▶ **How to complete this task**:
Return exactly, please, the lines from the one containing "Size guide for" to the last line of the entries below, and nothing else, leaving pictures out.

[[ Data extracts, beginning ]]

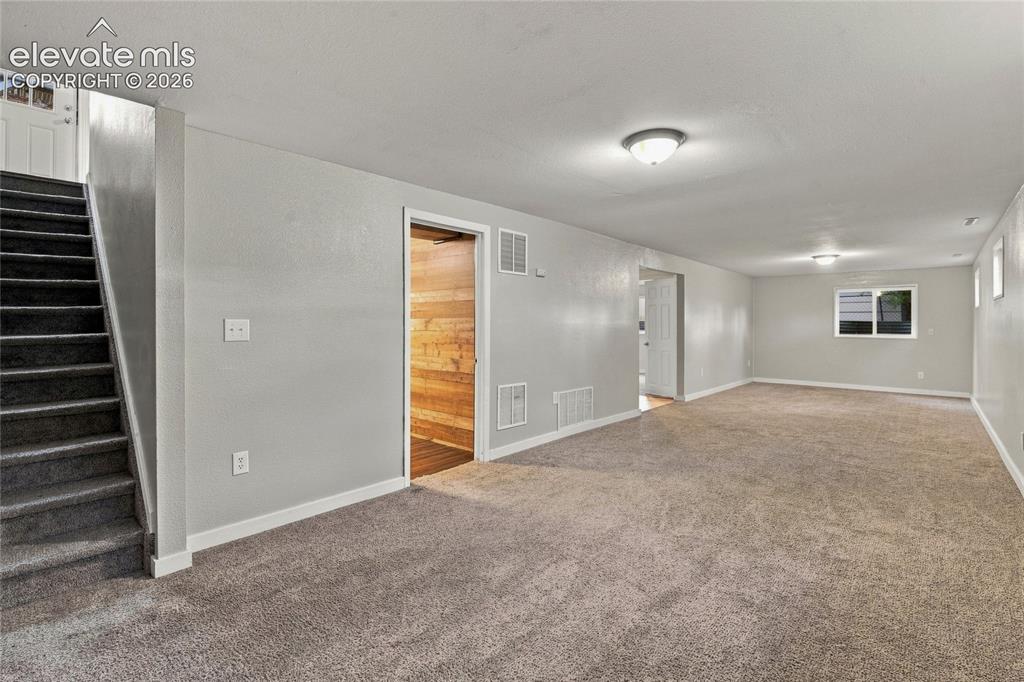 Image 24 of 34: Huge basement area with carpeted flooring throughout, recessed window, whit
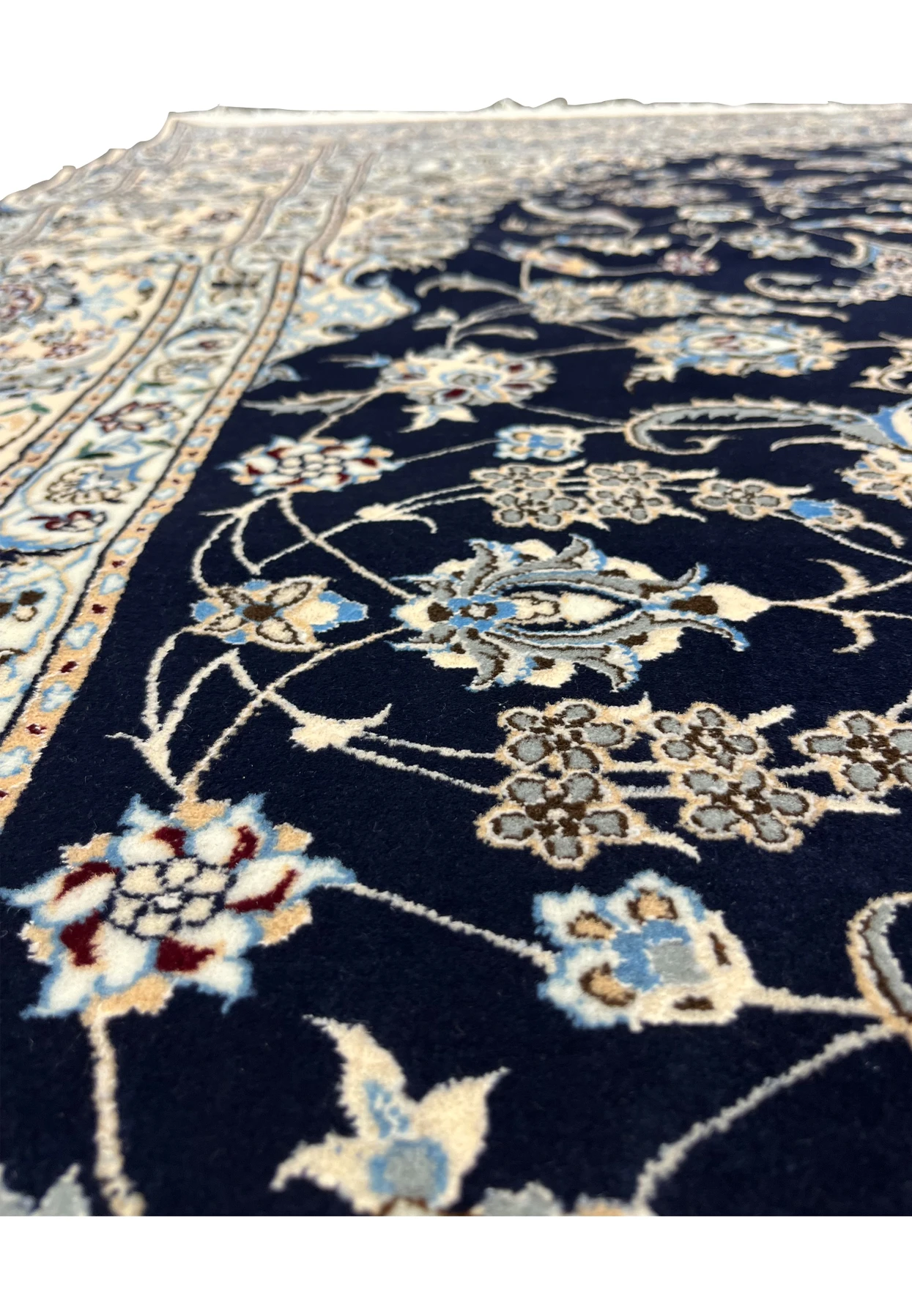 Pattern close-up of a handmade Persian Nain Habibian rug showing fine curvilinear floral motifs and scrolling vines woven with precise 6LA detail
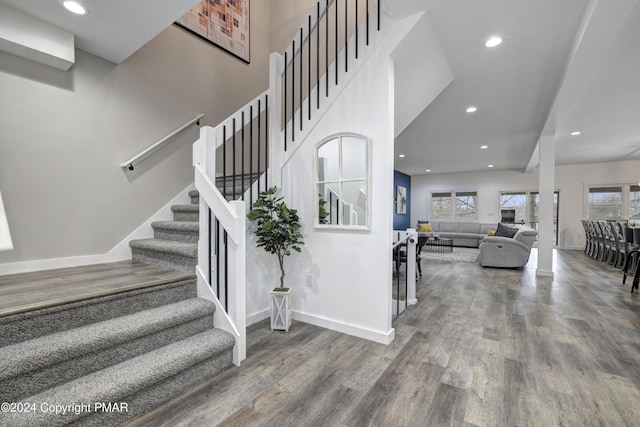 stairs with baseboards, recessed lighting, wood finished floors, and a healthy amount of sunlight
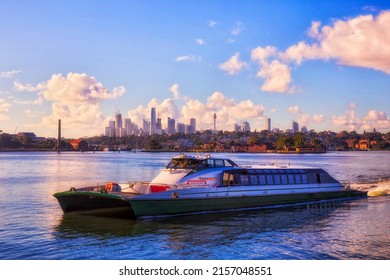 Passenger Rivercat Ferry On Parramatta River In View Of Sydney City CBD Landmarks Cityscape - Public Transport On Waterway.
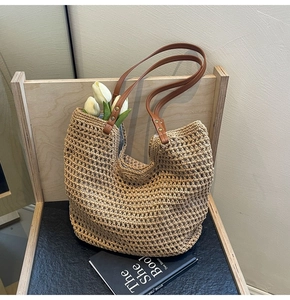 Detail der hohl gewebten Stroh-Tote-Bag mit braunen Ledergriffen und goldenen Metallnieten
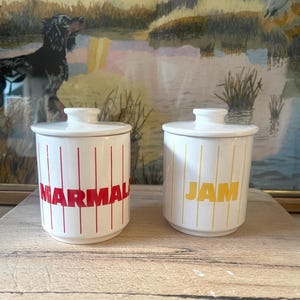 May include: Two white ceramic jars with lids. One jar has the word "MARMAL" in red, the other has "JAM" in yellow. Both jars have vertical stripes. The background features a framed painting of a dog and a landscape.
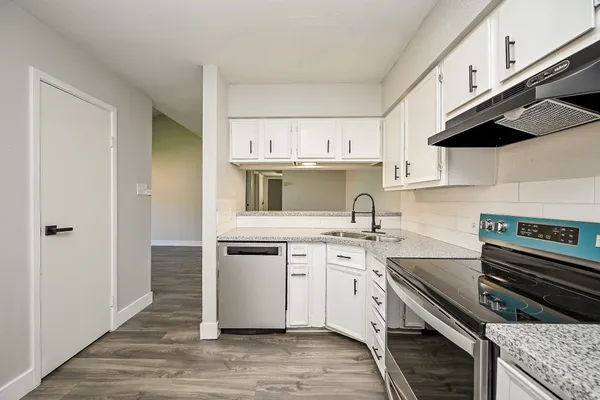 a kitchen with a sink stove and cabinets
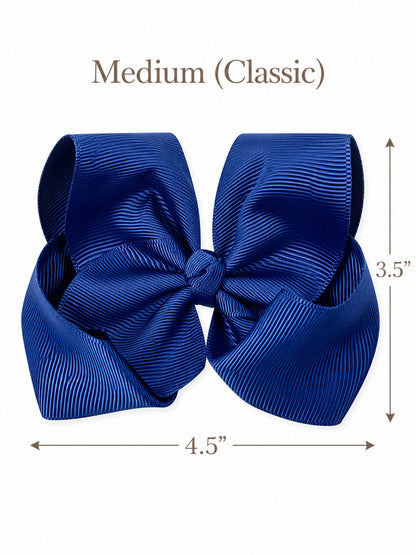 Size guide for our 4.5 inch classic grosgrain hair bow with measurements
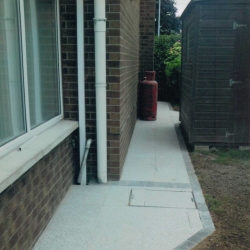 Granite paving with grey brick border - Belfast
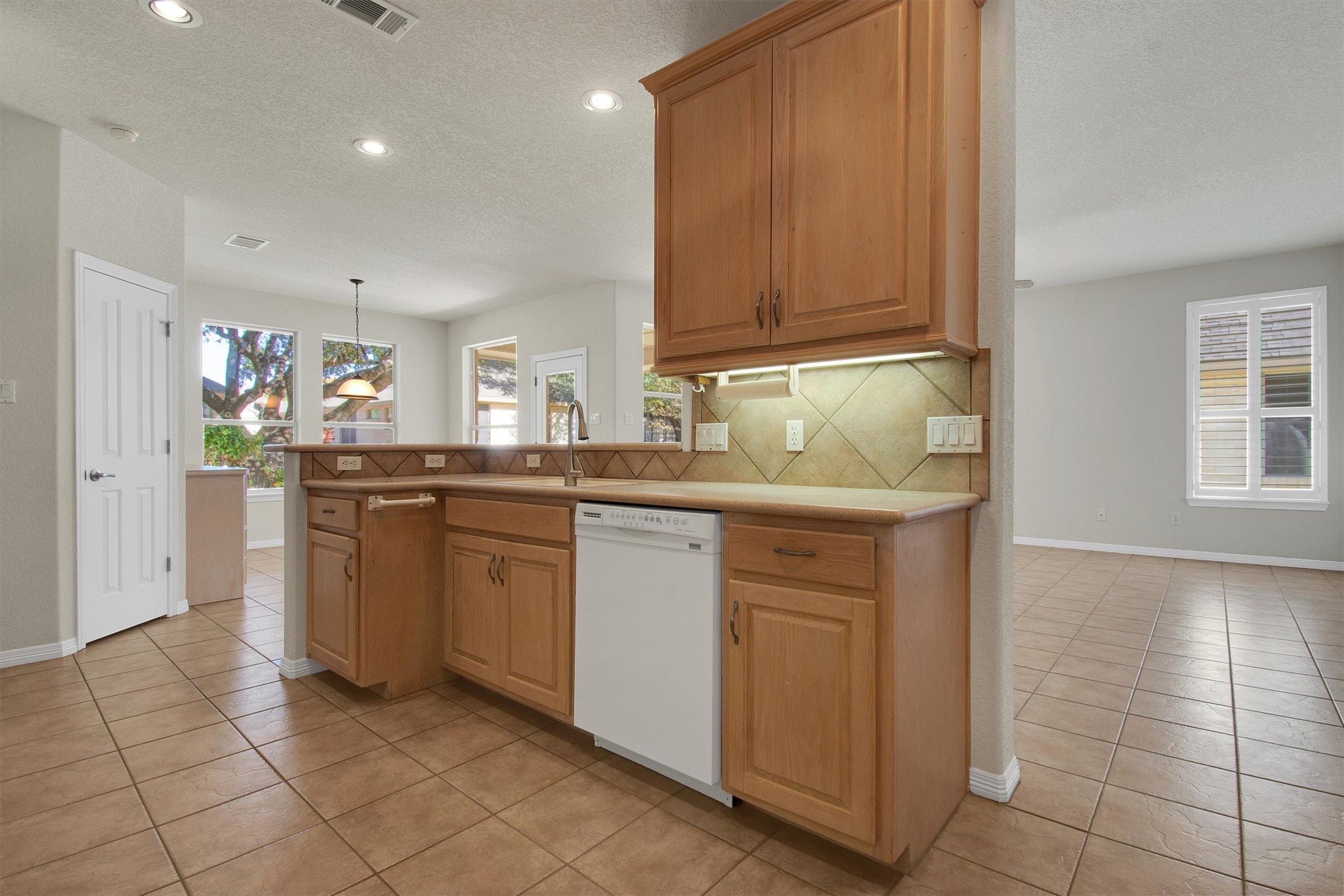 102 Lavaca Lane Georgetown, TX 78628 - Photo 14 of 30 a kitchen with stainless steel appliances granite countertop a sink and cabinets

[[ Data extracts, end ]]

▶ **Task solution**:
 Size guide for our 4.5 inch classic grosgrain hair bow with measurements
 Granite paving with grey brick border - Belfast
 102 Lavaca Lane Georgetown, TX 78628 - Photo 14 of 30 a kitchen with stainless steel appliances granite countertop a sink and cabinets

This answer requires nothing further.